Description
Today, users have to do manual conversions between .pth
and .safetensors
formats before/after fine-tuning with torchtune.
Example 1: torchtitan -> torchtune -> HF transformers. torchtitan outputs .dcp
, which can be converted to .pt
, but downstream consumers like HF transformers may expect/prefer .safetensors
.
Example 2: torchtune -> executorch. Models on HF hub are often in .safetensors
format, but executorch expects .pth
.
Today, users have to manually convert the formats before or after fine-tuning in torchtune to interop with other frameworks. For example 2, @jainapurva had to do the following manually:
from torchtune.training import FullModelHFCheckpointer
from torchtune.models import convert_weights
checkpointer = FullModelHFCheckpointer(
checkpoint_dir='/home/appy/checkpoints/Llama3.1-8B_oasst1_qat/epoch_0',
checkpoint_files=[...]
output_dir='/home/appy/checkpoints/Llama3.1-8B_oasst1_qat/epoch_0',
model_type='LLAMA3'
)
sd = checkpointer.load_checkpoint()
sd = convert_weights.tune_to_meta(sd['model'])
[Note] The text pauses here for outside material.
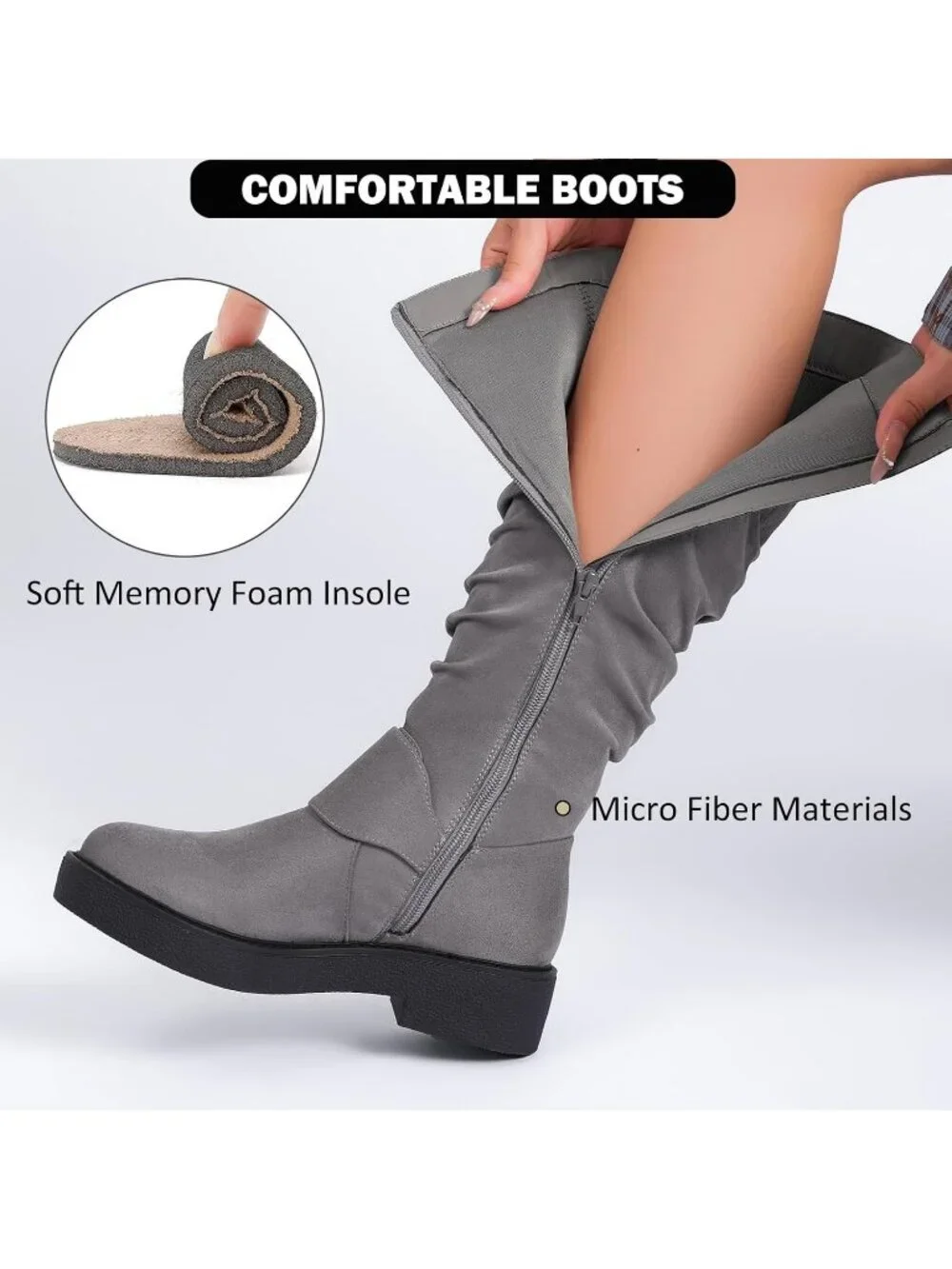 Women's Grey  Leather Rubber Slouchy Knee High Comfortable Stylish Tall Boots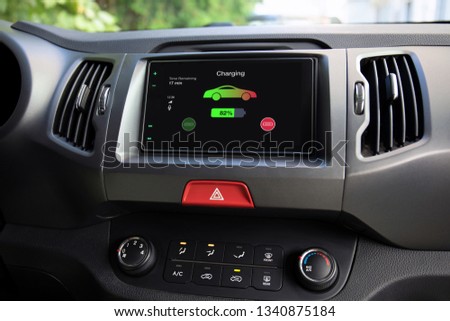 eco electric car touch multimedia system with charging battery on the screen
torch.save(sd, "/home/appy/checkpoints/Llama3.1-8B_oasst1_qat/epoch_0/checkpoint.pth")
Proposal: torchtune recipes should support different input and output formats in the same recipe. This would improve end-to-end UX for users who wish to interop with other frameworks when using torchtune, such that they will no longer have to perform an extra conversion step with the above code (the recipe will do this for the users). Providing better support for these end-to-end flows is also the direction torchao is moving towards in general.
Related torchtitan issue: pytorch/torchtitan#1177
Related executorch issue: pytorch/executorch#3303